Experts fear invasive iguanas may move north as climate warms
MIAMI, Fla. - Brian Wood's brand of cat and mouse is only as tough as the iguanas make it.
"When they see me, typically they are going to run away," he said. "I can hide behind a tree if an iguana is there."
Wood's iguana-trapping business in South Florida has only grown more green, from 30 contracts a few years ago, to 300.
"Sometimes I wonder [who is smarter]," he said. "Every time, I am happy when I catch one, though."
He has been hired by public utilities, housing complexes and even celebrities to rid their properties of iguanas.
"I took a hundred out of P Daddy Combs' house in a year," he said. "They are causing some major damage."
In Broward County, he showed where their digging has led crews to repair the bed under Interstate 95. Housing complexes are working to keep retention ponds, flower beds, and gardens intact.
"They are eating up Miami," he said. "They are adapting to the weather here."
That, experts say, is the problem. While they were brought to Florida from Central America, the fear is that the warming climate will bring them further north into Tampa Bay.
The FWC wants homeowners to have them removed whenever possible.
"They have to be controlled," said University of Florida professor William Kern. "Because they are an unprotected exotic species, they have no protections like our native wildlife has."
He says there are few natural predators for the animals that are 6 feet long and weigh as much as 30 pounds.
That is, except for people.
Wood says state law should allow for the selling of processed iguanas. For now, you can only sell them whole.
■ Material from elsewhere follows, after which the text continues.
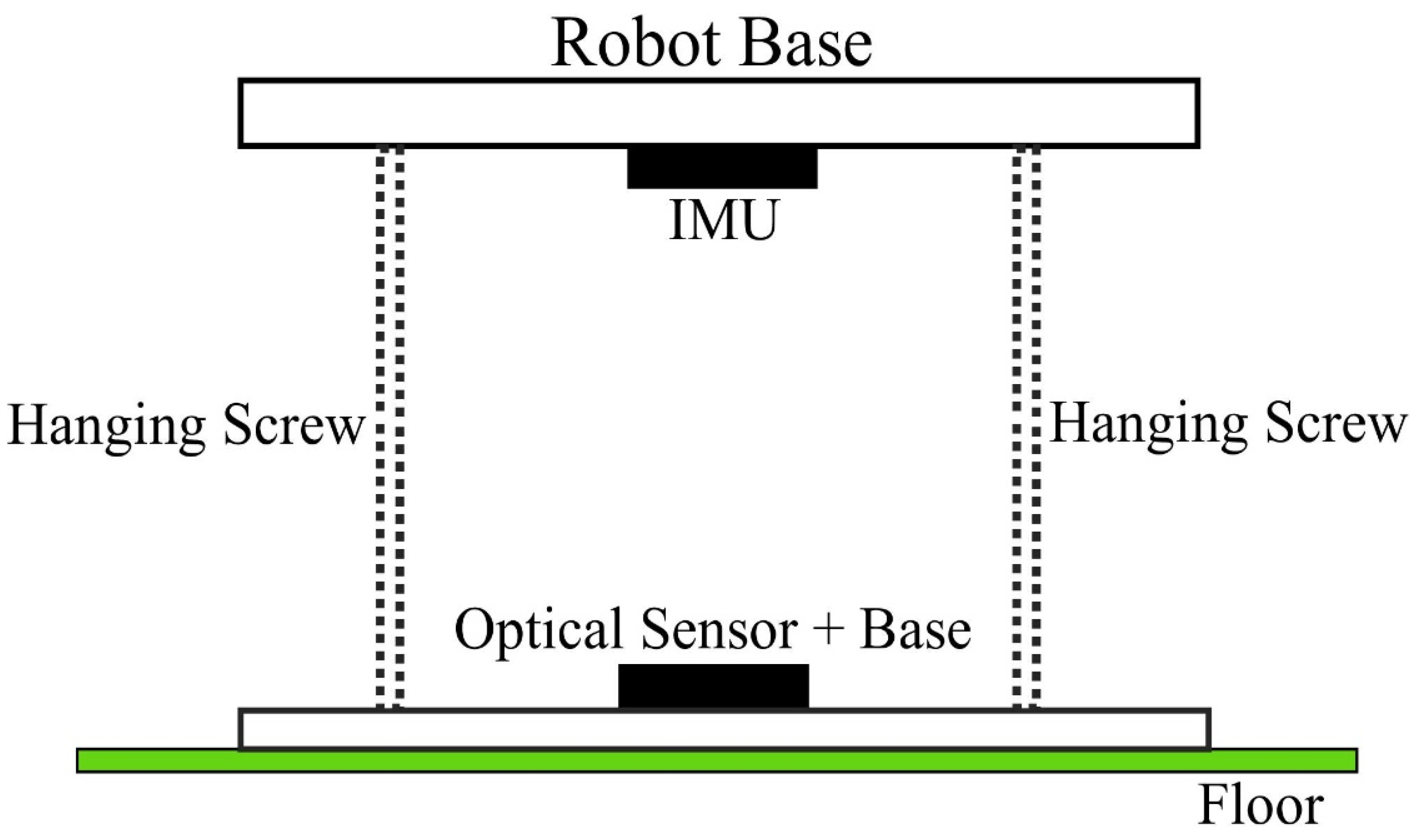 Sensors 22 04468 g004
He argues it should easier to sell and market them as food.
"The only way is to make it useful, make it worth something to where people want to go out and hunt them."
For now, though, the wrestling matches will continue.
"You can actually patch a hole, and they will come out and dig it out the next day," added Wood.
While they aren't native to Florida, they are certainly making themselves right at home.